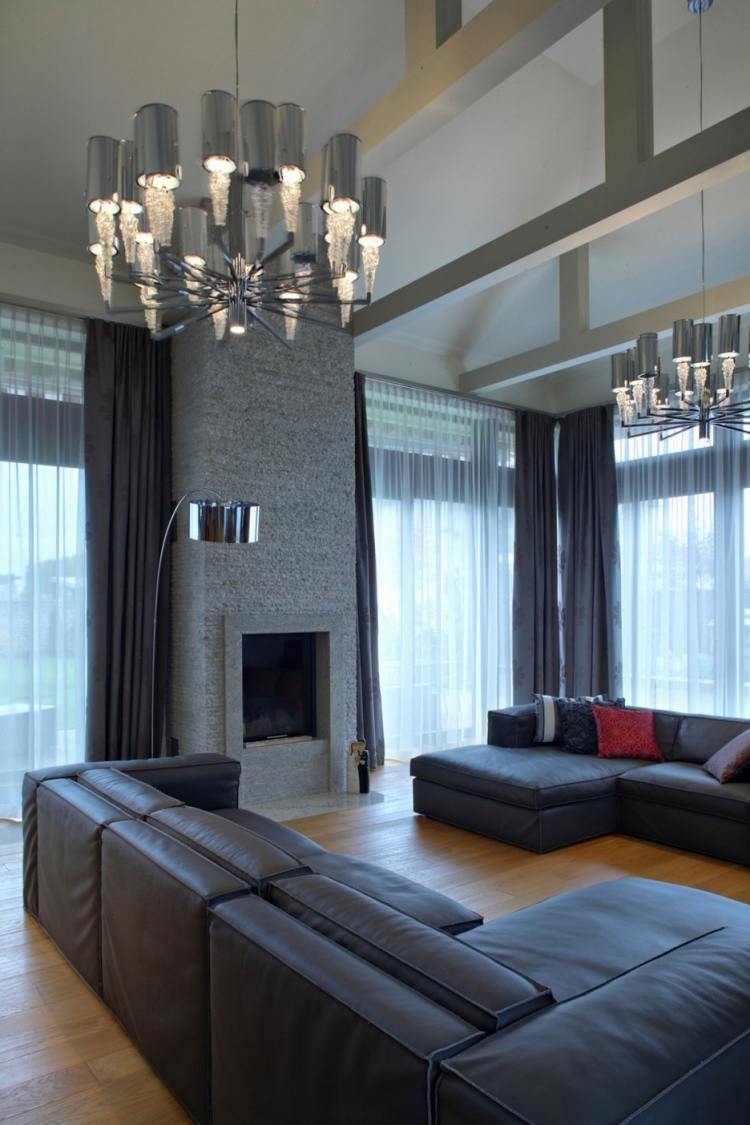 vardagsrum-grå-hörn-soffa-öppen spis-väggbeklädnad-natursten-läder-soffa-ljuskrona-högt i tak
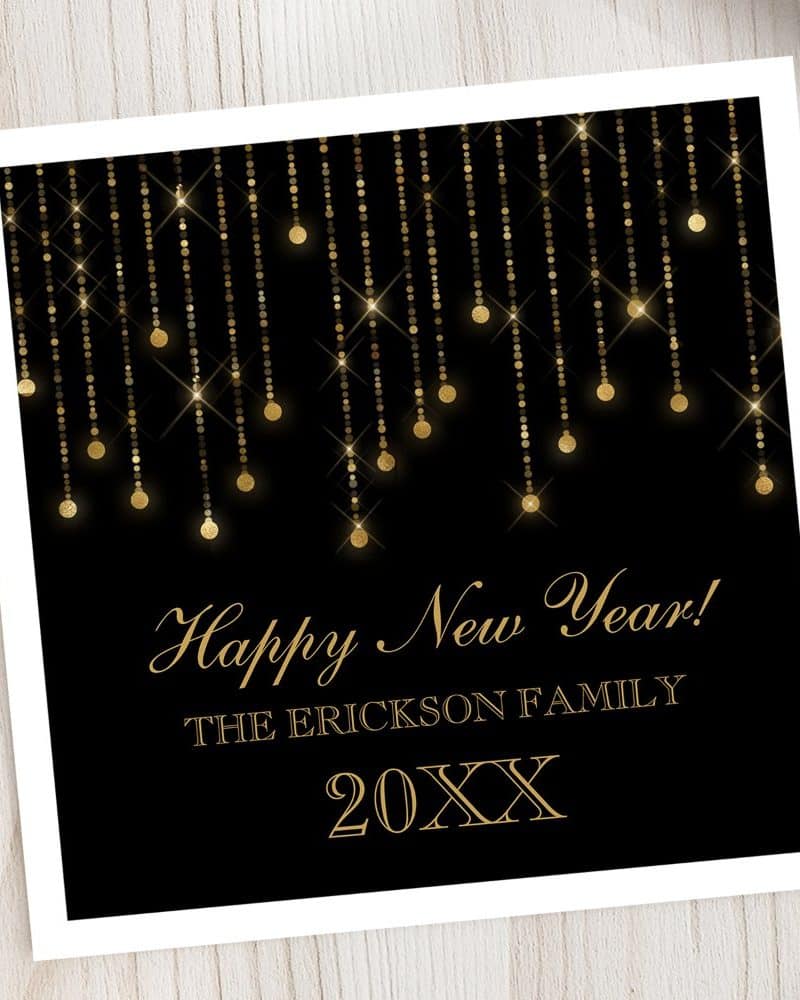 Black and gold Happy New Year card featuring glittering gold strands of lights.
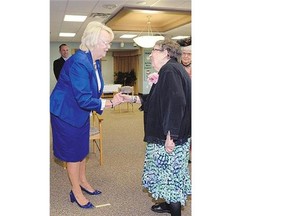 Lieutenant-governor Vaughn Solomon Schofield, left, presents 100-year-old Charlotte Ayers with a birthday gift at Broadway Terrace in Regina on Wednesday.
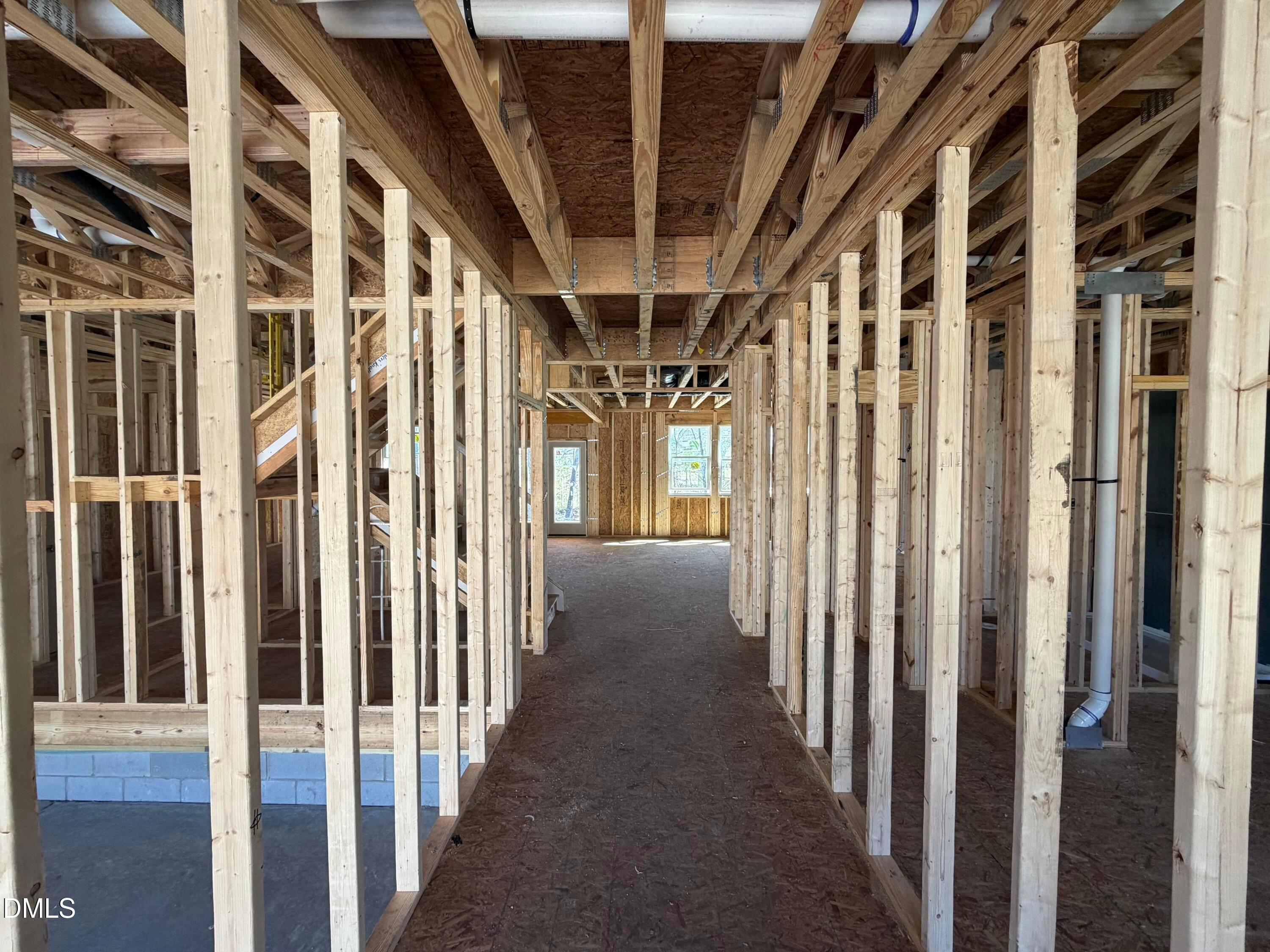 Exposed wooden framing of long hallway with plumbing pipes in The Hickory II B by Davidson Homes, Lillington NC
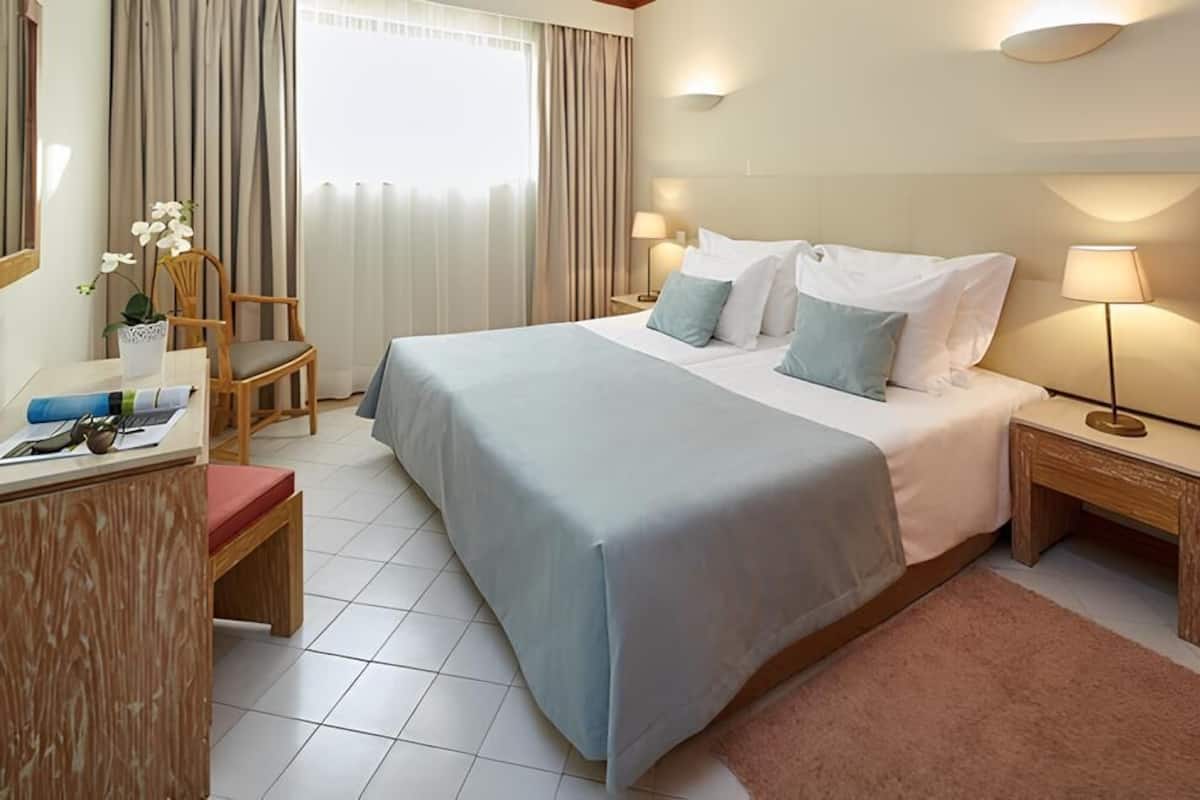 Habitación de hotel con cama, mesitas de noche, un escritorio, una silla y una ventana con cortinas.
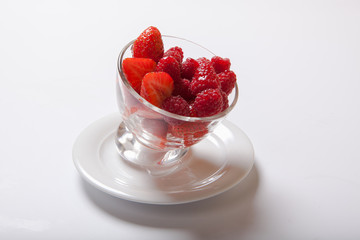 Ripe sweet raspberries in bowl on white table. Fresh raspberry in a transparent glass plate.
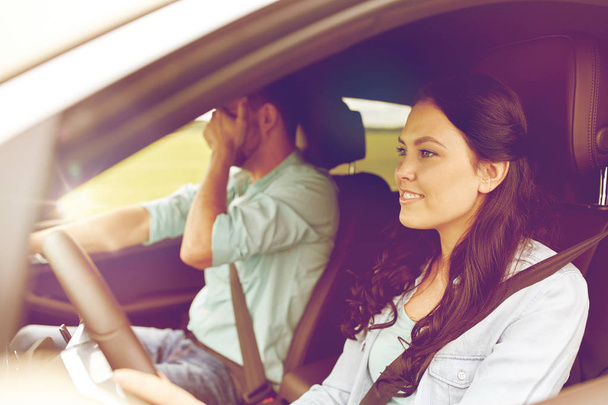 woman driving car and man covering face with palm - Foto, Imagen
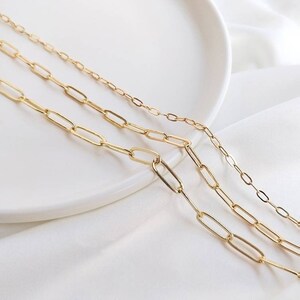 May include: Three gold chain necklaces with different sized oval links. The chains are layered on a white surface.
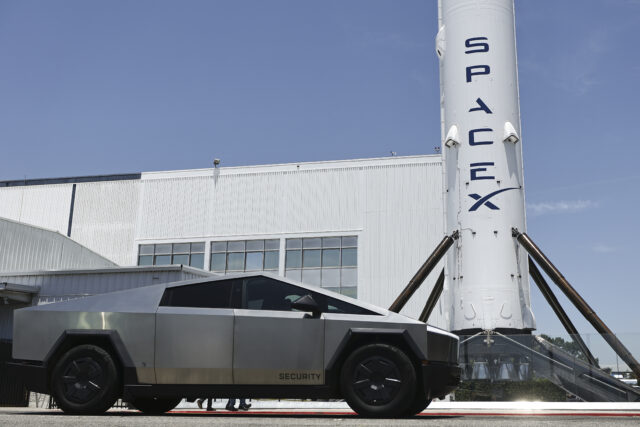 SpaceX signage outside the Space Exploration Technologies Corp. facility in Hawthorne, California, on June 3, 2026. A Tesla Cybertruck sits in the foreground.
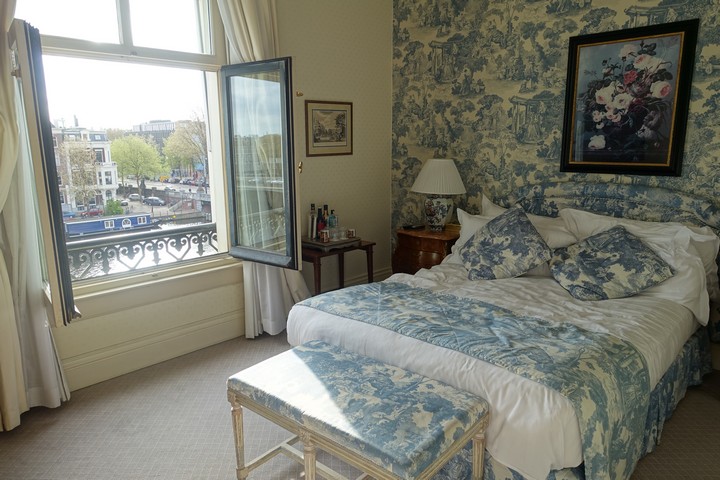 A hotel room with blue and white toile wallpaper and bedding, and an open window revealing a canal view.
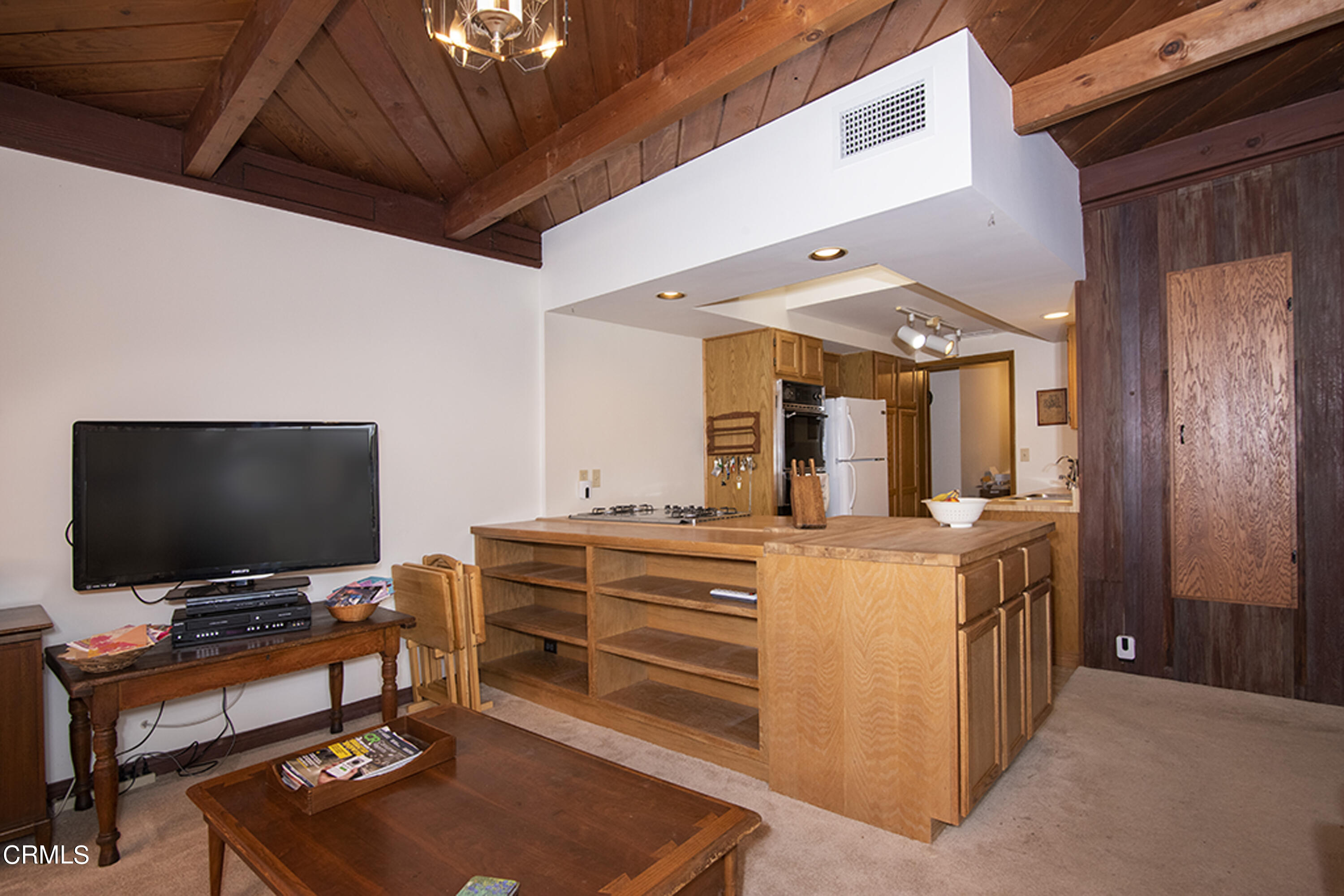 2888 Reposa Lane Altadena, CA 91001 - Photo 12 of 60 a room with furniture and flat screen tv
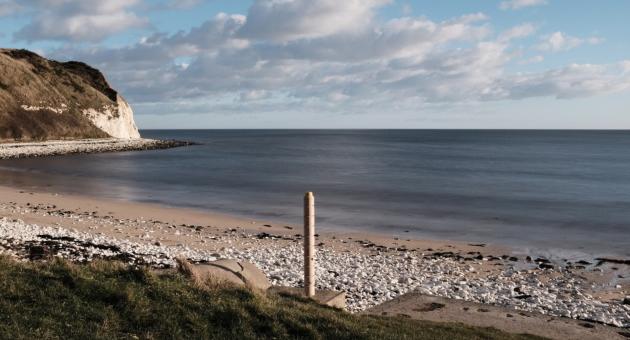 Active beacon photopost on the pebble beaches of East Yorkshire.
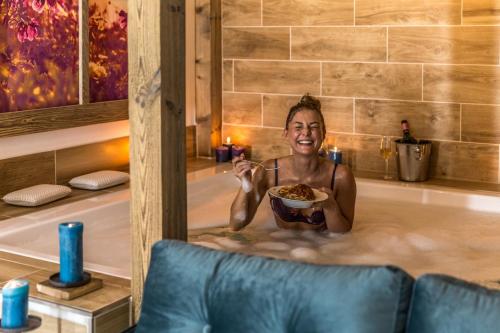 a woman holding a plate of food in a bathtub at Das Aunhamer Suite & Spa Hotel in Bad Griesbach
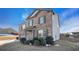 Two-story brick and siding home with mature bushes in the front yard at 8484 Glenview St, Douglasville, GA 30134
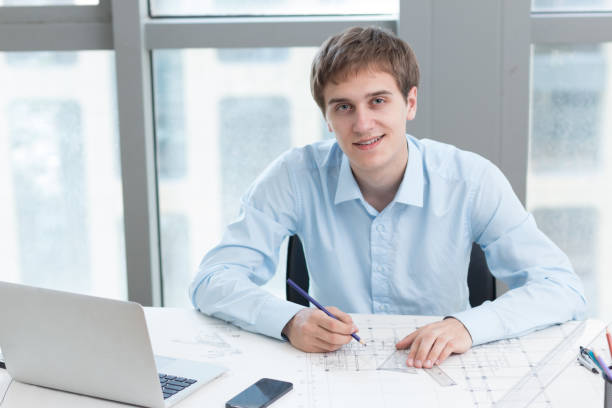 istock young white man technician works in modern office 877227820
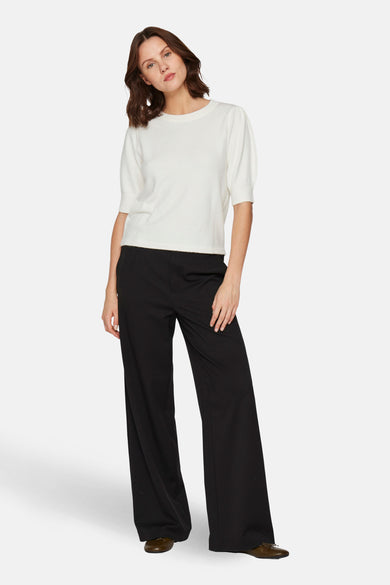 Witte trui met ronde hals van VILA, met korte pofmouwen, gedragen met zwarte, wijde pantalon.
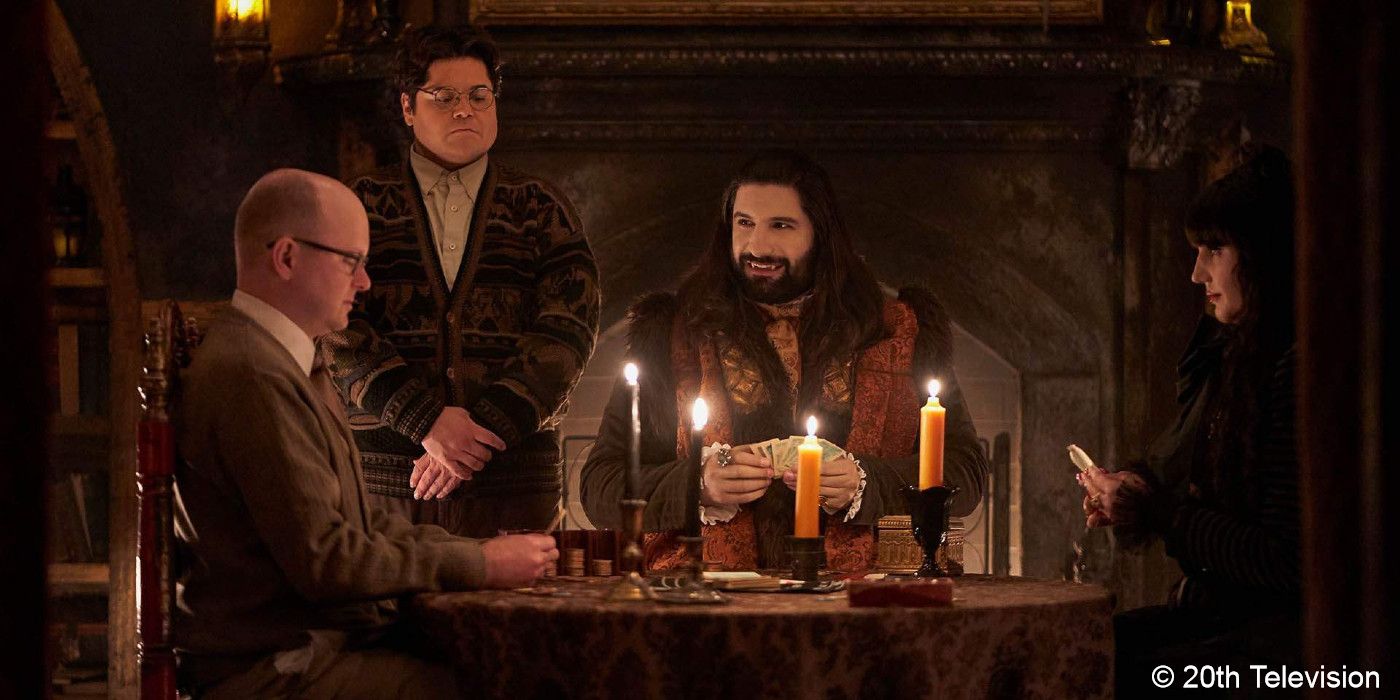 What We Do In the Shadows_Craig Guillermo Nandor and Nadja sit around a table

### Exercise description
Leave out the pictures and output every record above precisely as given.

### Reply
 vardagsrum-grå-hörn-soffa-öppen spis-väggbeklädnad-natursten-läder-soffa-ljuskrona-högt i tak
 Black and gold Happy New Year card featuring glittering gold strands of lights.
 Lieutenant-governor Vaughn Solomon Schofield, left, presents 100-year-old Charlotte Ayers with a birthday gift at Broadway Terrace in Regina on Wednesday.
 Exposed wooden framing of long hallway with plumbing pipes in The Hickory II B by Davidson Homes, Lillington NC
 Habitación de hotel con cama, mesitas de noche, un escritorio, una silla y una ventana con cortinas.
 Ripe sweet raspberries in bowl on white table. Fresh raspberry in a transparent glass plate.
 woman driving car and man covering face with palm - Foto, Imagen
 May include: Three gold chain necklaces with different sized oval links. The chains are layered on a white surface.
 SpaceX signage outside the Space Exploration Technologies Corp. facility in Hawthorne, California, on June 3, 2026. A Tesla Cybertruck sits in the foreground.
 A hotel room with blue and white toile wallpaper and bedding, and an open window revealing a canal view.
 2888 Reposa Lane Altadena, CA 91001 - Photo 12 of 60 a room with furniture and flat screen tv
 Active beacon photopost on the pebble beaches of East Yorkshire.
 a woman holding a plate of food in a bathtub at Das Aunhamer Suite & Spa Hotel in Bad Griesbach
 Two-story brick and siding home with mature bushes in the front yard at 8484 Glenview St, Douglasville, GA 30134
 istock young white man technician works in modern office 877227820
 Witte trui met ronde hals van VILA, met korte pofmouwen, gedragen met zwarte, wijde pantalon.
 What We Do In the Shadows_Craig Guillermo Nandor and Nadja sit around a table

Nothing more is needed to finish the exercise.